On Thursday, 4 September, designer Ülkühan Akgül presented his debut collection Etnisch Profiteren at the Hollandsche Manege during Amsterdam Fashion Week. Within a venue that itself embodies the tension between labour and spectacle, Akgül staged a show that resisted easy beauty in favour of a layered confrontation: who profits when cultural identity becomes currency?

The show opened with weighted LEGO armour over azure-blue tights and SpongeBob-yellow knickers. What at first recalled childhood toys revealed itself as a rigid monument: corporate legitimacy, pixelated and petrified, endured rather than worn.

Across looks, the body was distorted into protest. Spiked foam dresses with exaggerated hips reclaimed space. A leather silhouette, cut into the form of a shovel, became both skin and tool, weaponised by labour. A chest weighed down by medals swelled above bloated trousers, parodying corporate reward systems. A “Diversity Hire” tank was paired with a heavy 3D-printed LEGO pencil skirt, making it impossible for the wearer to perform lightly. A bubble skirt encrusted with tourist-shop pins turned each step into a struggle. Plastered bordeaux shorts, clinging as if still wet, were cinched with a corset back.

Even fashion’s most enduring codes were unsettled. The little black dress appeared in upcycled fake grass. Its elegance mocked itself: an inside job dressed for acceptance, ready to vanish into curated greenery. Bags made of garden stones weighed down arms, and a cardboard crown topped with a blond quiff mocked power and its ornamentation.

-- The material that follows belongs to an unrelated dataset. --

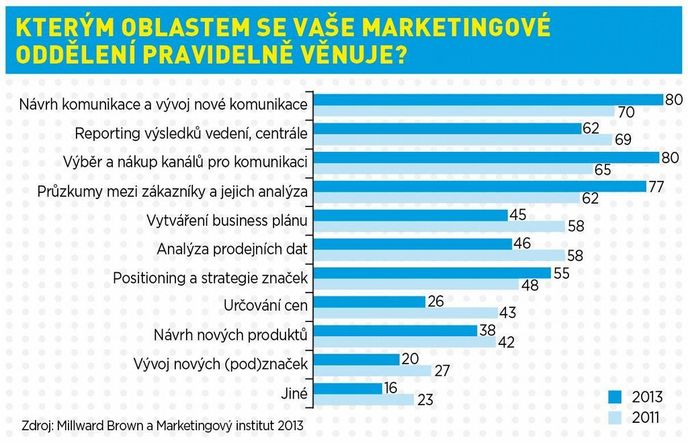 Kterým oblastem se vaše marketingové oddělení pravidelně věnuje?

Akgül’s debut drew allure and abrasion into the same frame, forcing the audience to sit with discomfort: garments that attracted and repelled, bodies silenced yet screaming, beauty that mocked its own exploitation. It was a debut that refused to flatter, insisting instead on the endurance of weight, labour, and truth. A fuck-you to fashion snobs, a genius endeavour into parodic couture. Akgül might still be green, but he’s already fluent enough in fashion codes to twist them to his hand.